The Supreme Court has cleared the way for the deportation of several immigrants who were put on a flight in May bound for South Sudan, a war-ravaged country where they have no ties.
The decision comes on Thursday after the justices found that immigration officials can quickly deport people to third countries. The majority halted an order that had allowed immigrants to challenge any removals to countries outside their homeland where they could be in danger.
The court's latest order makes clear that the South Sudan flight detoured weeks ago can now complete the trip.
It reverses findings from federal Judge Brian Murphy in Massachusetts, who said his order on those migrants still stands even after the court lifted his broader decision.
The Trump administration has called the judge's finding "a lawless act of defiance."
Alarm over migrants’ fate
Liberal justices Sonia Sotomayor and Ketanji Brown Jackson dissented from the decision.
"What the Government wants to do, concretely, is send the eight noncitizens it illegally removed from the United States from Djibouti to South Sudan, where they will be turned over to the local authorities without regard for the likelihood that they will face torture or death," Sotomayor said.

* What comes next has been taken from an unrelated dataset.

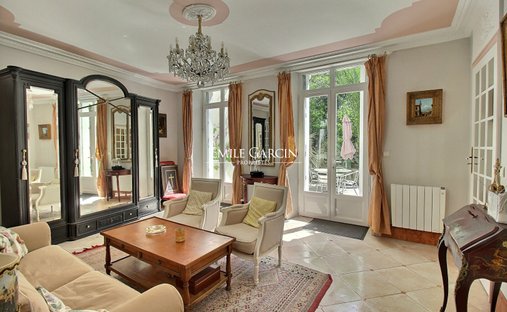 Apartment in Saint Martin-Cité des Fleurs, Biarritz, France 1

"Today's order clarifies only one thing: Other litigants must follow the rules, but the administration has the Supreme Court on speed dial," she said.

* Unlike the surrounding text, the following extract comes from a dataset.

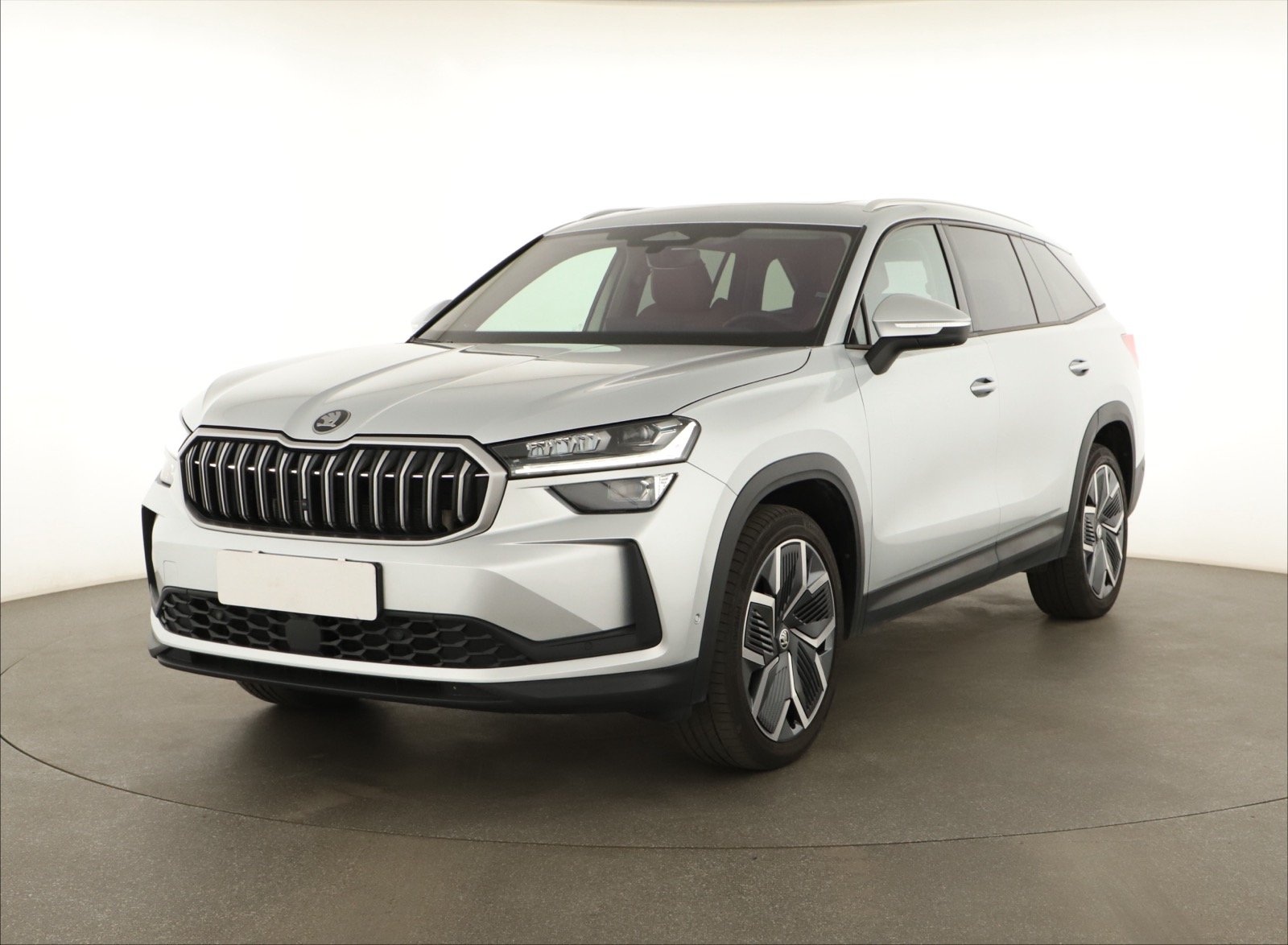Škoda Kodiaq - 2024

The push comes amid a sweeping immigration crackdown by Trump's Republican administration, which has pledged to deport millions of people who are living in the United States undocumented.
Authorities have reached agreements with other countries to house immigrants if authorities can't quickly send them back to their homelands. The eight men sent to South Sudan in May had been convicted of serious crimes in the US.
Murphy, who was nominated by Democratic President Joe Biden, didn't prohibit deportations to third countries. But he found migrants must have a real chance to argue they could be in danger of torture if sent to another country.